Democracy dies in Venezuela

The Washington Post reports:

All this year, as they trudged through an unprecedented economic implosion,Venezuelans have been gearing up for what was meant to be the defining political event of the year: a referendum on whether to recall our increasingly loathed authoritarian president, Nicolás Maduro. The tense buildup suddenly ended Thursday as five separate (and supposedly independent, but c'mon now) lower courts approved injunctions to suspend the recall, closing down Venezuela's last best hope for a peaceful solution to its long-running political crisis.

Even for battle-hardened Venezuelans, it all came as quite a shock.

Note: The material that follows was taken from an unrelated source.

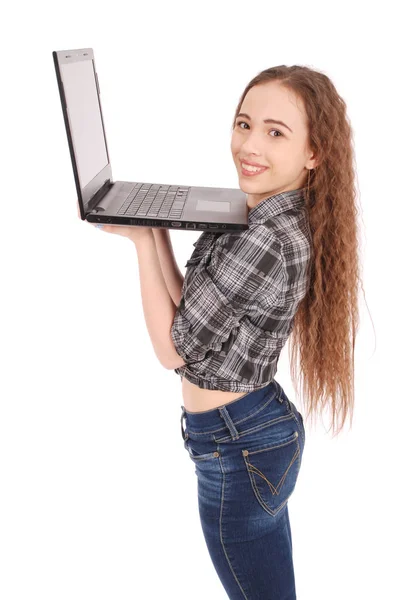 Молодая девушка стоит и использует ноутбук — стоковое фото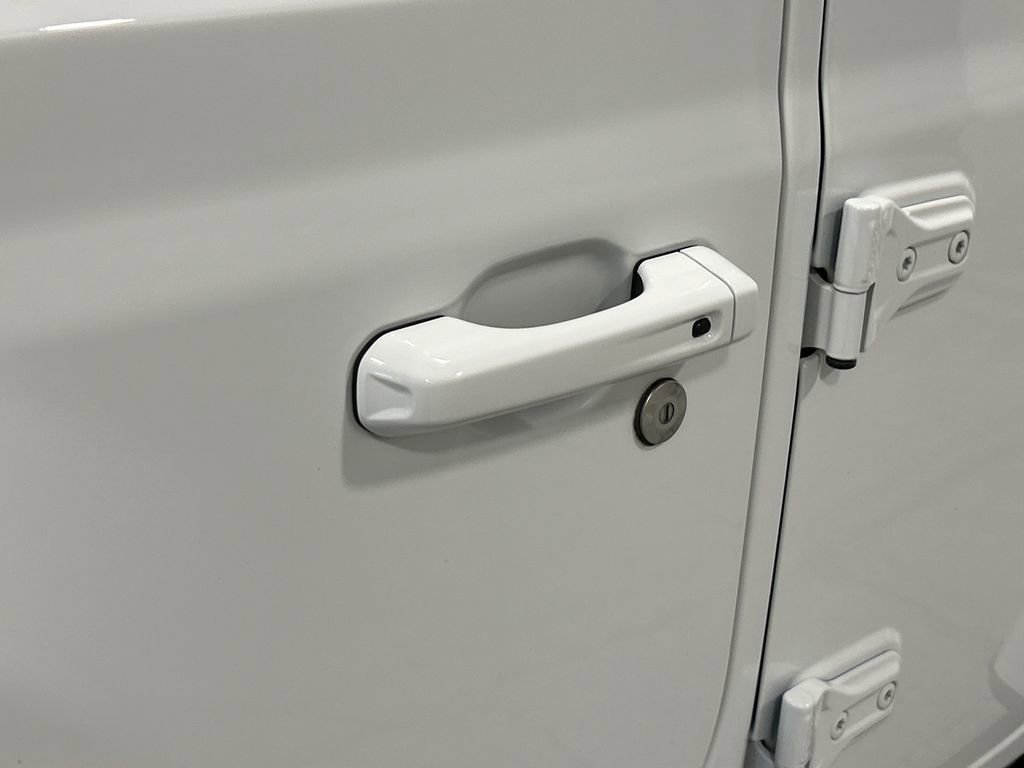 Used 2022 Jeep Wrangler Unlimited Sahara image 13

A major signature-gathering drive to officially activate the recall vote was scheduled for next week. Opposition activists were busy preparing their plans to get out their voters to sign. No one, not even the military, seemed to have been expecting this.

This could end very badly. The socialists are determined to hold onto power, no matter how many people starve and babies die. They knew they would lose the recall vote, so they got it stopped.

When a Government can't be removed through legal peaceful means, that only leaves one other way to remove them.

For Venezuela's pro-democracy activists, fighting a regime that has instituted dictatorship by tiny increments has been an exhausting ordeal. Which is why today, mixed with the genuine anger at the subversion of our constitutional right to a recall, you can detect just a hint of gratitude for the clarity this brings.

We're rid of the adjectives. We are finally through with the academic circumlocutions.

There's no need to hyphenate it anymore. Venezuela is just a dictatorship.

This will lead to more people dying.